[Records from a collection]
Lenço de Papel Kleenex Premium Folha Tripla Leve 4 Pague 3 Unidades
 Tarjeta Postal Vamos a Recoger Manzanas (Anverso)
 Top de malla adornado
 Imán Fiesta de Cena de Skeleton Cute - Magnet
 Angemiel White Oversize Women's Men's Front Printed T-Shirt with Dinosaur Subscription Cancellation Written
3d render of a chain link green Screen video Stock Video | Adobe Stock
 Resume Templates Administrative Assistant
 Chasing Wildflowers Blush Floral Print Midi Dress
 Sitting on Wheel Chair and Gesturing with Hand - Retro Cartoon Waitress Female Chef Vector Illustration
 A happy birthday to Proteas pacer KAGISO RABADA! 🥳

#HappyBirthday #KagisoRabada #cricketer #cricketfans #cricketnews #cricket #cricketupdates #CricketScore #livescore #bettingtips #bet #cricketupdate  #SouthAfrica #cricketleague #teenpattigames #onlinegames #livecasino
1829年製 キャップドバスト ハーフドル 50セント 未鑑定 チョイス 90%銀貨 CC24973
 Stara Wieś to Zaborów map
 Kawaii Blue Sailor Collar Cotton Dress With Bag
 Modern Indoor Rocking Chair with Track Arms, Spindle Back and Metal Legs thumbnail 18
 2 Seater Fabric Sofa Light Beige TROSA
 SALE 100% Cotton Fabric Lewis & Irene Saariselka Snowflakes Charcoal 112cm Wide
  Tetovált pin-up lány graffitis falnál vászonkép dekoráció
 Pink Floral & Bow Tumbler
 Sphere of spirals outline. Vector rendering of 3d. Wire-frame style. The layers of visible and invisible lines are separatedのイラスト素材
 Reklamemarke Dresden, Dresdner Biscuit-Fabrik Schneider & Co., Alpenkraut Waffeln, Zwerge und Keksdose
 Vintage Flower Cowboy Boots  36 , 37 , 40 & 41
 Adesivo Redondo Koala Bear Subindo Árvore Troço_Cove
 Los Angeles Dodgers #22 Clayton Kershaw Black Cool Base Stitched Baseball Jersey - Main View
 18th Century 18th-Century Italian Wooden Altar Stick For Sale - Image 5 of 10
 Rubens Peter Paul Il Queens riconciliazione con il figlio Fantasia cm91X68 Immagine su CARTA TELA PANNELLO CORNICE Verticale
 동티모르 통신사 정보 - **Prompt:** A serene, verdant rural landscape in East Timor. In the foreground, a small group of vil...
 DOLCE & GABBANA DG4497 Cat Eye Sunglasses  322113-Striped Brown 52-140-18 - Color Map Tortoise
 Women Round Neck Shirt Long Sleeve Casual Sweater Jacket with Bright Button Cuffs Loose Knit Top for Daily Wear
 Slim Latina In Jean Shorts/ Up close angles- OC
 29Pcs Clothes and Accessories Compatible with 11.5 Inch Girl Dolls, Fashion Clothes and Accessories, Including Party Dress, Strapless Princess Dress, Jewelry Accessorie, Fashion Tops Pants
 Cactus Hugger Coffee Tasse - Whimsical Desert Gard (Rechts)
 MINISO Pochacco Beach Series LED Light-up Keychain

Problem to work on: Repeat the records above exactly.

Written solution:
Lenço de Papel Kleenex Premium Folha Tripla Leve 4 Pague 3 Unidades
 Tarjeta Postal Vamos a Recoger Manzanas (Anverso)
 Top de malla adornado
 Imán Fiesta de Cena de Skeleton Cute - Magnet
 Angemiel White Oversize Women's Men's Front Printed T-Shirt with Dinosaur Subscription Cancellation Written
3d render of a chain link green Screen video Stock Video | Adobe Stock
 Resume Templates Administrative Assistant
 Chasing Wildflowers Blush Floral Print Midi Dress
 Sitting on Wheel Chair and Gesturing with Hand - Retro Cartoon Waitress Female Chef Vector Illustration
 A happy birthday to Proteas pacer KAGISO RABADA! 🥳

#HappyBirthday #KagisoRabada #cricketer #cricketfans #cricketnews #cricket #cricketupdates #CricketScore #livescore #bettingtips #bet #cricketupdate  #SouthAfrica #cricketleague #teenpattigames #onlinegames #livecasino
1829年製 キャップドバスト ハーフドル 50セント 未鑑定 チョイス 90%銀貨 CC24973
 Stara Wieś to Zaborów map
 Kawaii Blue Sailor Collar Cotton Dress With Bag
 Modern Indoor Rocking Chair with Track Arms, Spindle Back and Metal Legs thumbnail 18
 2 Seater Fabric Sofa Light Beige TROSA
 SALE 100% Cotton Fabric Lewis & Irene Saariselka Snowflakes Charcoal 112cm Wide
  Tetovált pin-up lány graffitis falnál vászonkép dekoráció
 Pink Floral & Bow Tumbler
 Sphere of spirals outline. Vector rendering of 3d. Wire-frame style. The layers of visible and invisible lines are separatedのイラスト素材
 Reklamemarke Dresden, Dresdner Biscuit-Fabrik Schneider & Co., Alpenkraut Waffeln, Zwerge und Keksdose
 Vintage Flower Cowboy Boots  36 , 37 , 40 & 41
 Adesivo Redondo Koala Bear Subindo Árvore Troço_Cove
 Los Angeles Dodgers #22 Clayton Kershaw Black Cool Base Stitched Baseball Jersey - Main View
 18th Century 18th-Century Italian Wooden Altar Stick For Sale - Image 5 of 10
 Rubens Peter Paul Il Queens riconciliazione con il figlio Fantasia cm91X68 Immagine su CARTA TELA PANNELLO CORNICE Verticale
 동티모르 통신사 정보 - **Prompt:** A serene, verdant rural landscape in East Timor. In the foreground, a small group of vil...
 DOLCE & GABBANA DG4497 Cat Eye Sunglasses  322113-Striped Brown 52-140-18 - Color Map Tortoise
 Women Round Neck Shirt Long Sleeve Casual Sweater Jacket with Bright Button Cuffs Loose Knit Top for Daily Wear
 Slim Latina In Jean Shorts/ Up close angles- OC
 29Pcs Clothes and Accessories Compatible with 11.5 Inch Girl Dolls, Fashion Clothes and Accessories, Including Party Dress, Strapless Princess Dress, Jewelry Accessorie, Fashion Tops Pants
 Cactus Hugger Coffee Tasse - Whimsical Desert Gard (Rechts)
 MINISO Pochacco Beach Series LED Light-up Keychain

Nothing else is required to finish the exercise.